I have seen adolescents change their behaviour again and again. I worked in adolescent psychiatry for approximately five years and had connections with it afterwards. There is a wonderful organisation called Citywise. It is run by a man called Mark Hamilton. He started a little place in Dublin and now has a large place in Jobstown. He enlisted the help of local builders and developers and is building a large facility. He has a place in Belfast, one in Limerick and another somewhere in the midlands. The adolescents he takes in have no hope. They are usually illiterate, wild, totally unruly and come from broken homes. Some of the parents are drug addicts, murderers and so on, yet he fills them with a sense of their own well-being, somehow motivates them and shows them there is hope in life. I commend people like that. He does not deal with psychiatric problems. Some of the people he deals with have psychiatric problems, but that is not his primary function.

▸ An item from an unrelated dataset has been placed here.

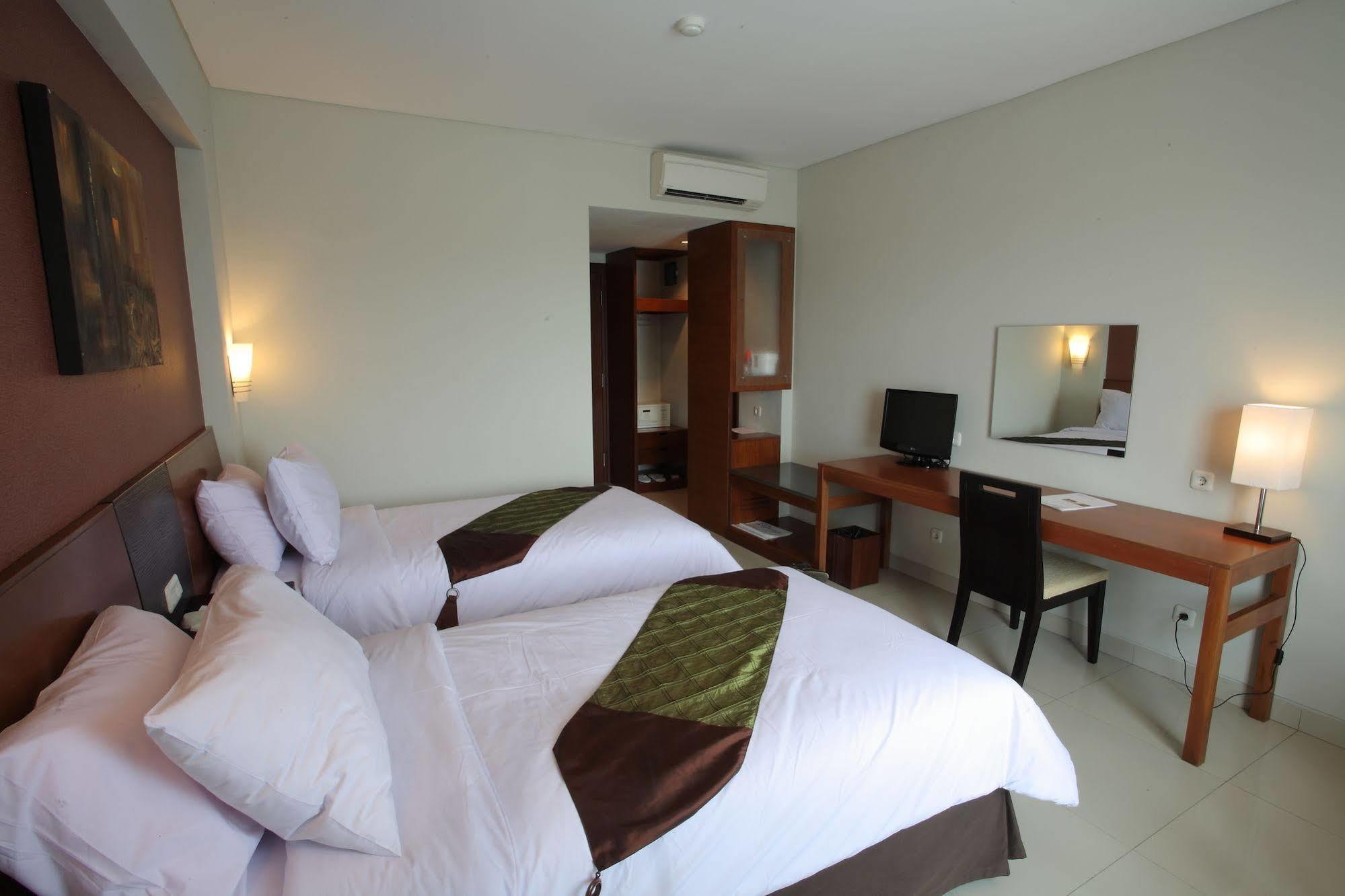 Aston Tanjung City Hotel Dış mekan fotoğraf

Even the unit in St. John of God Hospital, which is quite a good hospital, had to close because it did not have the required staff. The staffing complement for such units is very high as adolescent services are very expensive to run. The State must ask itself whether it is worth investing in a young person. I can tell the House from experience that it is. Many of them can come out at the other end, have a meaningful adult life, get a job, get married or settle down. If there is sufficient input into their treatment, they can blossom. Some people will always have severe psychiatric illnesses in their adult life, but with medication or through other means will sometimes live a normal life. Although they may sometimes have a relapse, for the most part they can be helped.

I implore the Minister of State to focus on this area. If somebody leaves a child on one's doorstep one would need to be very heartless not to do anything about it. Somebody will care for the child. An adolescent in a family who has behavioural problems or psychiatric problems or an illness of some kind affects the whole family, not just himself or herself. There is a ripple effect; older and younger children are affected as are the parents who must devote so much time to this person. I am not referring to autistic children or people with neurological problems. I could range over many different areas of psychiatry, but this is one area I know about and about which I am concerned. I am glad the Minister of State made that acknowledgement in his speech. On behalf of these adolescents, so many of whom I have met, I ask the Minister of State to do his best to get the facilities for them. It would ultimately pay the State to help them, and this would ultimately benefit society as well as the children and their families.